If the clock cannot be made faster, then more work must be done per clock tick. We therefore designed the Alpha AXP architecture to encourage multiple instruction issue* implementations that will eventually sustain about ten new instructions starting every clock cycle. This aggressive technique of starting multiple instructions distinguishes the Alpha AXP architecture from many other RISC architectures.

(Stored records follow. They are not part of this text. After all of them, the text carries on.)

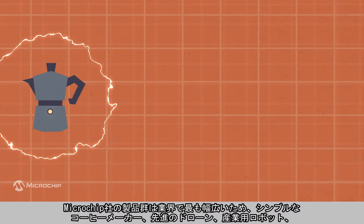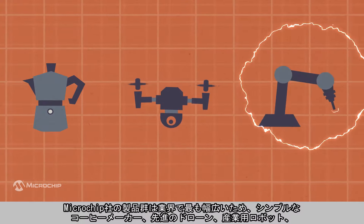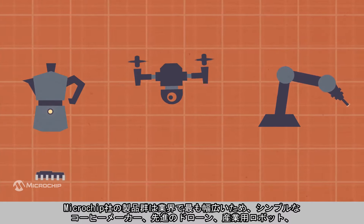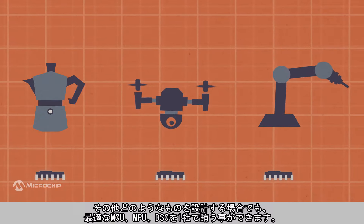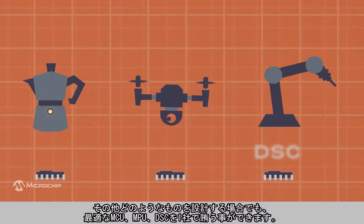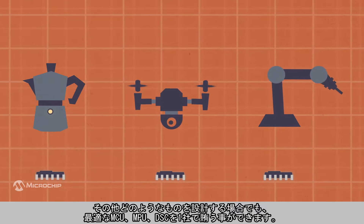Whether you're designing a simple coffee maker, an advanced drone, industrial robotics, or anything in between, Microchip's portfolio is the broadest in the industry, so you can get the exact MCU, MPU, or DSC you need for all your designs from a single supplier.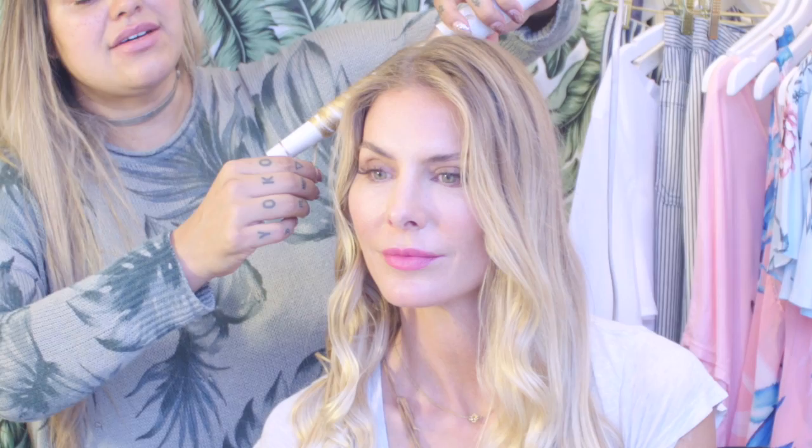I like to just wrap about a one-inch section of hair around my curling wand and I leave the ends out. I like the ends straight because I think it kind of modernizes the look.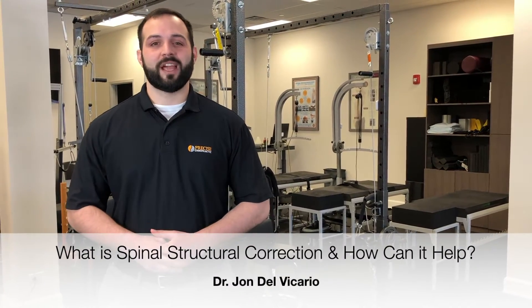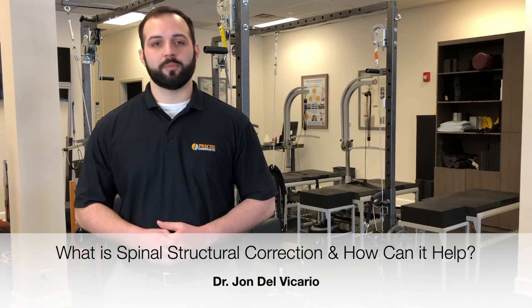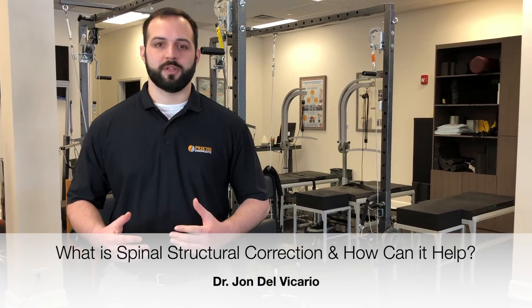Hey guys, Dr. John here at Precise Chiropractic Center. Unlike your traditional chiropractic office, what we do here at Precise Chiropractic Center is focus on structural correction.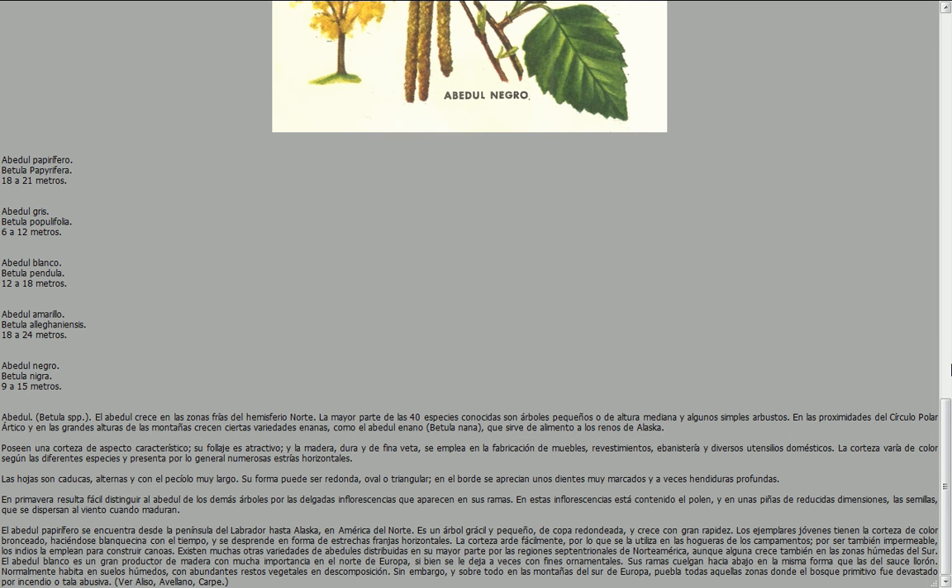Abedul, Betula spp. El abedul crece en las zonas frías del hemisferio norte. La mayor parte de las 40 especies conocidas son árboles pequeños o de altura mediana y algunos simples arbustos. En las proximidades del círculo polar ártico y en las grandes alturas de las montañas crecen ciertas variedades enanas, como el abedul enano Betula nana, que sirve de alimento a los renos de Alaska.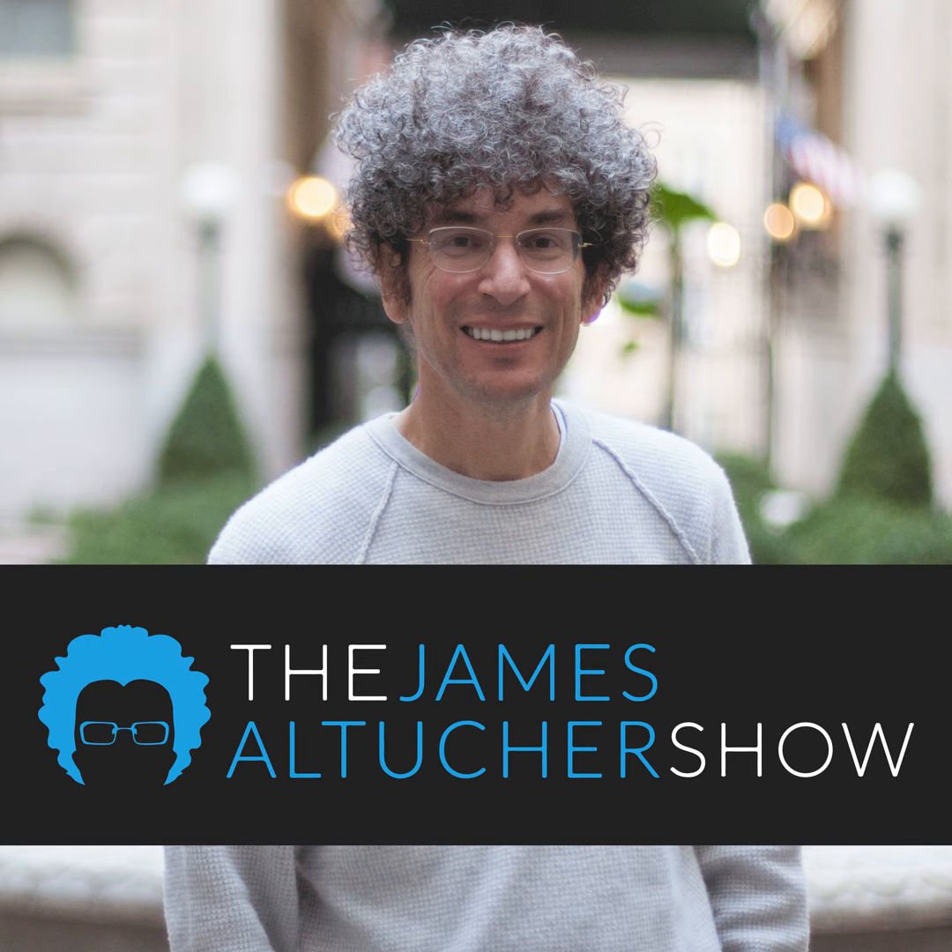He had just won Last Comic Standing, and he was performing at my club, Stand Up New York. After 15 minutes they gave him the light, which means it's time to get off the stage. He said, 'Are you kidding me? I am the best comedian here by far. I just won Last Comic Standing. You're telling me I'm getting the light? This is ridiculous.' He stormed off the stage and saw who was coming on — Jerry Seinfeld.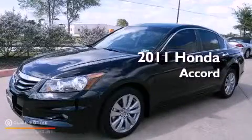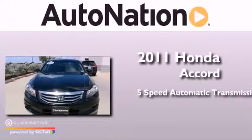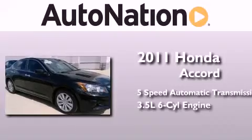This is a 2011 Honda Accord. This four-door sedan has a five-speed automatic transmission and a 3.5-liter V6.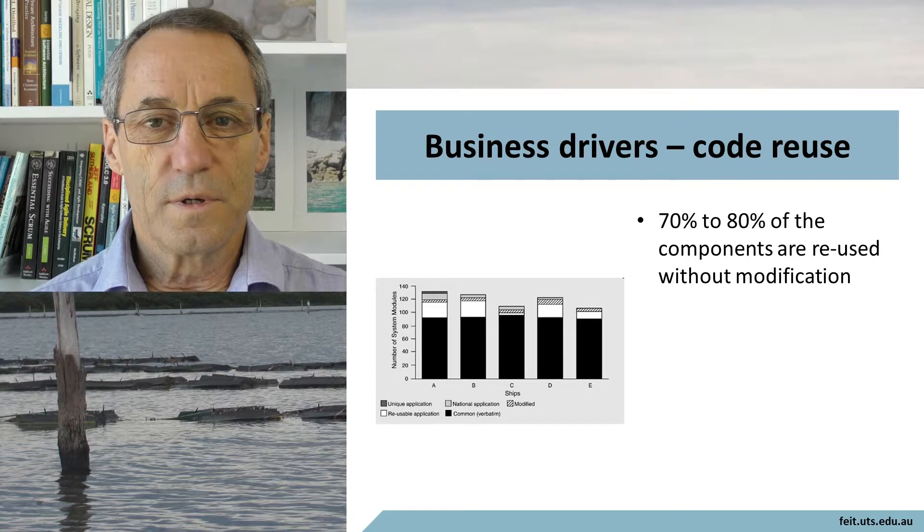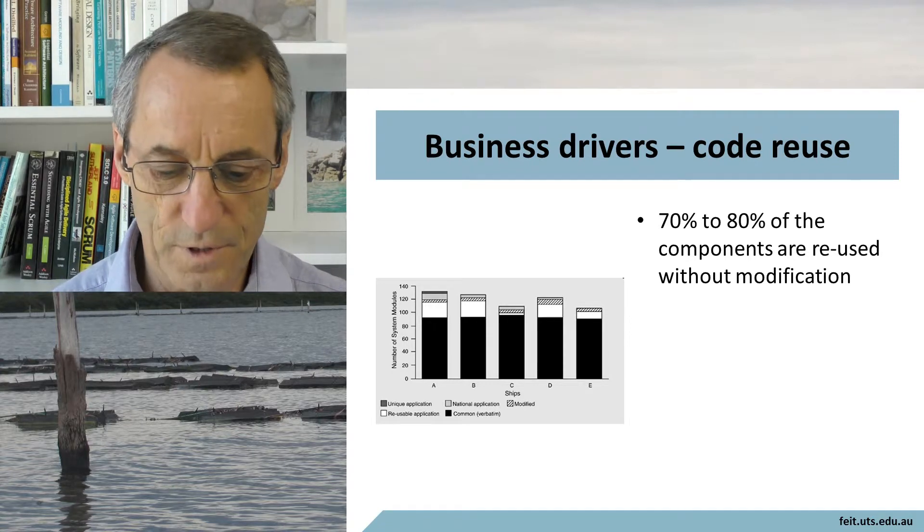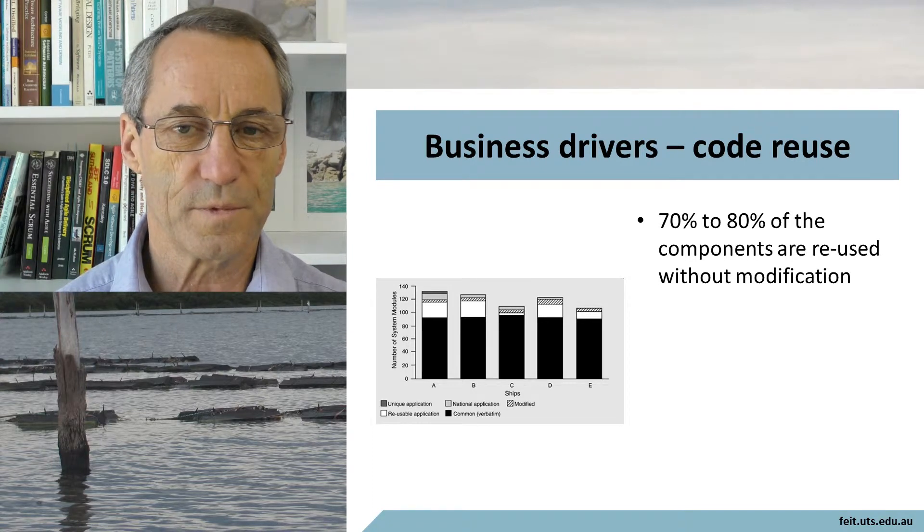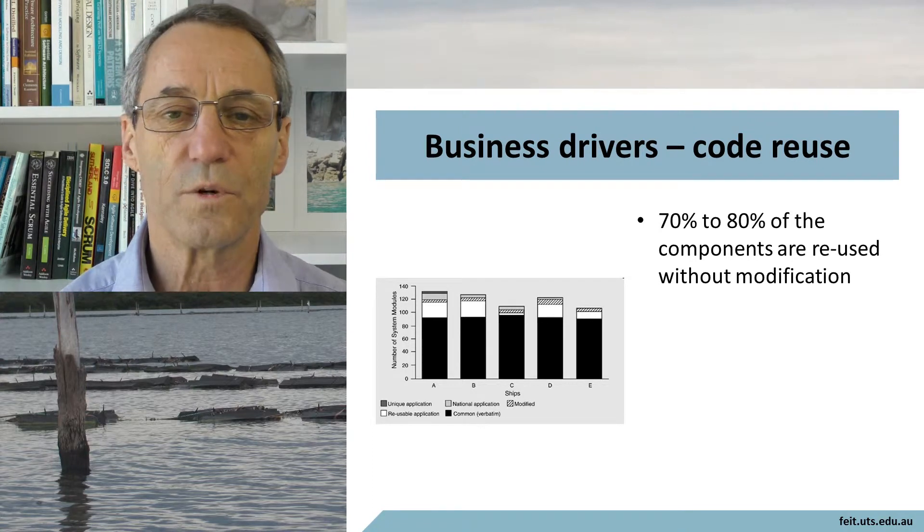Code reuse was another key driver. In this product line architecture, 70 to 80% of the components are reused without modification, leaving about 20% to be reused with modification.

The remaining factor of 10 will come from multiple processors. A single system will contain perhaps ten processors and share memory. We therefore designed a multiprocessor memory model and matching instructions from the beginning. This early accommodation for multiple processors also distinguishes the Alpha AXP architecture from many other RISC architectures, which try to add the proper primitives later.
I needed this 6 months ago…
I’m glad atleast some people are still working on what is still a perfectly useable architecture. In fact, if HP (and compaq before them) hadn’t been such idiots the Alpha series would still be alive and kicking, destroying other architectures in performance. Sadly, times change. As does all things.
Anyways, I know Debian doesn’t upkeep much on its alpha port anymore so its good to see someone else trying. I know my Alpha 2100/4 machine still works perfectly even though its close to 10yrs old now and still handles file serving for about 25-30 people. Did I mention the only thing thats failed has been a hd?
These machines weren’t made to be buy and toss PCs. They were made to be incredibly long lasting, powerful workstations or servers that could scale almost infinitly.
Chris wrote:
> I know Debian doesn’t upkeep much on its alpha port
What do you mean?
http://buildd.debian.org/stats/graph2-week-big.png
As of today, Debian alpha is >98.5% up-to-date. Okay, this number is high because Debian is near the next release, but it rarely fell under 90%. Full stat here:
http://buildd.debian.org/stats/
We have an old XP1000 station that was used for crunching numbers 24/24, it was one of our power computers until P4 performance surpassed it. It remained turned off for two years until we needed a computer for hosting some intranet apps.
and guess what?? thanks to someone that decided to port Linux to Alpha that good first-class hardware had a second life (RedHat based on the 2.4.X kernel). The only problem was the video driver, but, since the computer was going to be used as a small server, that wasn’t a problem. We installed apache, php, mysql, our app and that was all.
It’s important to considerer that people spent a lot of money with these machines, so there is a particular interest of keeping them alive.
I manage a couple of alphas (ES40/XP1000) and I must say they can still be very useful machines.
But I rather use Debian. It’s normally more up to date and is noticeably faster than AlphaCore.
debian on alpha is very nice and viable. beside it’s the pet arch of the current release manager steve langasek.
it’s sometimes troublesome to run latest -rc kernels from kernel.org as the alpha port sometimes misses latest arch fixes, but beside that it is an easy arch to support.
Alpha is by far one of the best CPU’s ever designed and i too lament the way it was handled after Digital was purchased. The problem is that the stated upgrade path for these old boxes is Itanium2 based servers. Hopefully HP sill get their heads out of there rear ends and realize what they have.
Alpha and Digital Unix, the true unix power !
The the reviewer said that XP needed more than 256 megs of ram
and a faster than 400 mhz cpu to run a GUI, give me a break!
Not true, love linux but don’t make up facts
sorry i ment for my commit to go to fedora core review.